# Trek TTX (Chris Lieto)



## SPINDAWG (Aug 24, 2003)

IM World championships in Clearwater the bikes were resting in transition so here's Chris Lieto's TTX. What can you say? Its super aero,with the two aero Bontrager bottles,new Bontrager disc,Aerolus rim and a carbon section to make it a disc.

Lot a nice bikes but this one stood out the most. I don't have a TT bike in my stable but I'm thinking one could be in the near future.


----------



## uzziefly (Jul 15, 2006)

I've seen it at my LBS but this one here looks WICKED man... I don't have a need for a TT bike but if I EVER get one, it'd be the TTX without question. I read on Trek's website in a video interview with one of Discovey's mechanics who said that other mechanics from all over talk about the TTX to them ad say it's sweet.
I like the black version Danielson used though(color wise) or even the blue Hincapie used.

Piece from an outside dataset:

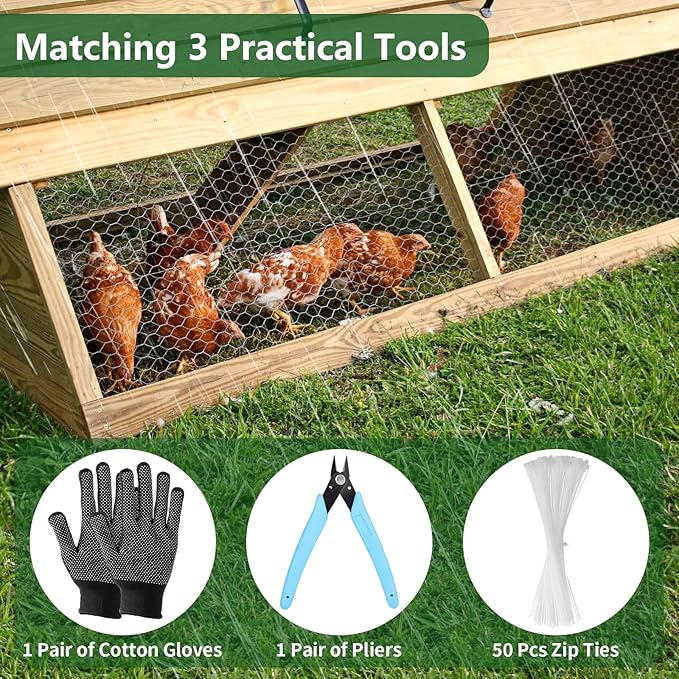 13.8 in x 49 ft Chicken Wire Fencing, Rustproof Galvanized Iron Chicken Wire Mesh for Pet Rabbit, Floral Chicken Wire Roll Netting to Protect Poultry Plant Fruit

Now, all I need is to justify that I should get a TT bike rather then another frame... How to justify this? No freaking idea...Will I get it? Probably not...


----------



## Richard (Feb 17, 2006)

Best of all, that looks like a Campy Record rear derailleur. Can't see the front and not sure about the brakes.


----------



## uzziefly (Jul 15, 2006)

Zero Gravity?


----------



## WhiskeyNovember (May 31, 2003)

uzziefly said:


> Zero Gravity?


That's what I was thinking, too.


----------



## uzziefly (Jul 15, 2006)

Although I see no reason to have a lighter set of brakes since it's essentially an Ironman event.. But what the heck...

You know if they're worth it or any good? How much lighter vs. DA?


----------



## SirBenno (Feb 2, 2005)

Zero G brakes are for cosmetics only, they don't actually work. Those brakes could be the new campys, they look similar to the Zero G's.


----------



## uzziefly (Jul 15, 2006)

SirBenno said:


> Zero G brakes are for cosmetics only, they don't actually work.

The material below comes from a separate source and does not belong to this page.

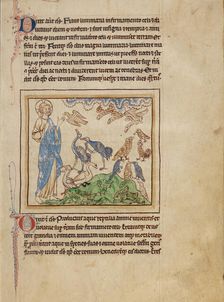 The Creation of the Birds and Fishes; Northumberland Bestiary, about 1250-1260. Creator: Unknown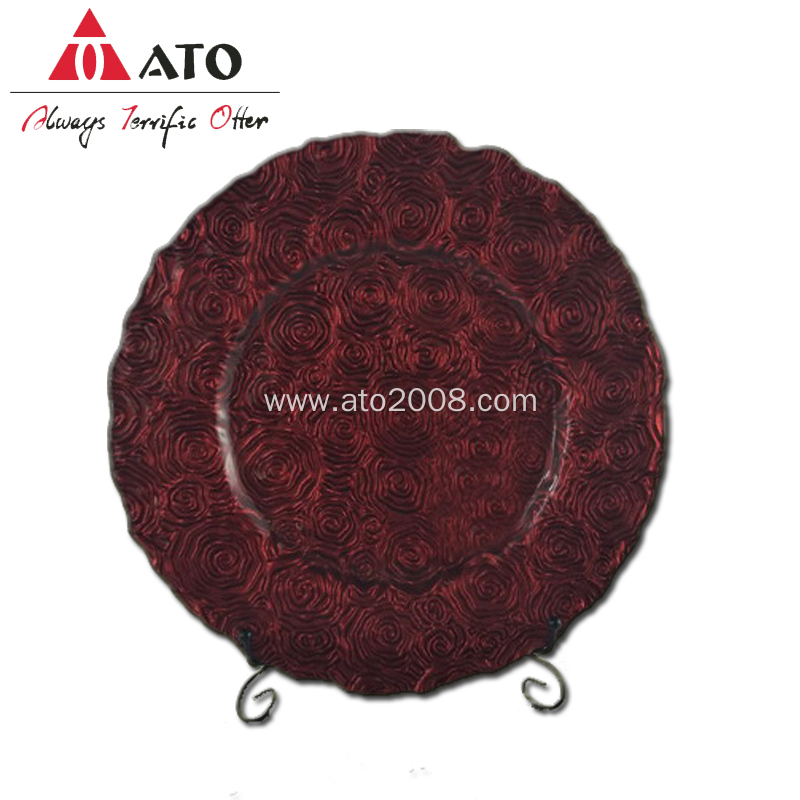 Red Glass Plate With Rose Pattern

??? What're you talking about?? :idea:


----------



## CARBON110 (Apr 17, 2002)

I think SirBenno is attempting to say that, despite his 9 posts on RBR, zero gravity brakes do not work as well as dual pivot brakes because ZG are single pivot and we all know they are hella light but do not possess the stopping power of duals. However, for those who ride mucho grande, then they work just fine. But for noobs just getting into the sport who have not refined their handling skills and judgment on the bike they are not recommended

d=(^^)z

valid point SirBenno and welcome to RBR!


----------



## uzziefly (Jul 15, 2006)

CARBON110 said:


> However, for those who ride mucho grande, then they work just fine. But for noobs just getting into the sport who have not refined their handling skills and judgment on the bike they are not recommended


Sooooo, I should try em then? 

and just squeeze my brake levers a little harder maybe...


----------



## CC09 (Mar 11, 2006)

and be out 300 bones or so.....


----------



## uzziefly (Jul 15, 2006)

? :idea:


----------



## CARBON110 (Apr 17, 2002)

Since when has cost had ANYTHING to do with road biking? 

Here is a compromise!

Buy just ONE pair of ZG and save 150 smackers and even more weight!

Or buy just one pair of Dura Ace dual pivot and save some weight but a binch of CASH!

Who uses the front brakes anyway! You dont need them, they are just for noobs

Since we are at it, lets get rid of the seat and seat post. You can rest on the top tube going down hill and the rest of the time just stand and pedal

No neeed for bar tape either! Just get some cushy gloves, same thing!

Oh and who needs 23mm tires? Get some 20mm and be more aero and light!

But be sure to keep those reflectors for night riding and cool factor!


The new ZG brake set is suppose to feel as strong as dual pivot DA brakes


----------



## uzziefly (Jul 15, 2006)

Hmmm... I am using DA FWIW... 

How much lighter are zero g anyways? honestly, I don't even know the $$ of a set. say $500? ONE pair? hmm... not really much of a point unless you just wanna drop weight right? 

Front brakes for noobs? Well, I use em when coming a complete stop at lights. But otherwise, I hardly brake anyway so my brake pads are still really in good shape. although I notice that it's kinda 'noisy' when I use the front brakes.. oh heck.


----------



## CARBON110 (Apr 17, 2002)

Uzzie, ahem, Uzzi, I say this only because, I care, ther are alot of decafinated brands out there that taste just like the real thing 

I was ony joking in the post above. ZG are significantly lighter and for those who have the want and means dropping 300 beans on light brakes is no biggy

I suggest you use your front brakes as much as you need to by the way. You should be using both front and back, dont try to save your pads by not using the brakes lol

my noob comment was in jest


----------



## uzziefly (Jul 15, 2006)

I DO use my brakes often and equally  Forgot to put in a   when I said that 

Haha guess we both were sniding eh? 

But how much lighter? 100grams? I don't think it's worth it though FWIW unless you happen to have extra cash to spend and would like to make your bike lighter. 

Of course you could use that money on like well, a LOT of movies, dinners, whatever... I was THINKING of it but NAHHHHH.. Shiny dura ace looks nice for me!


----------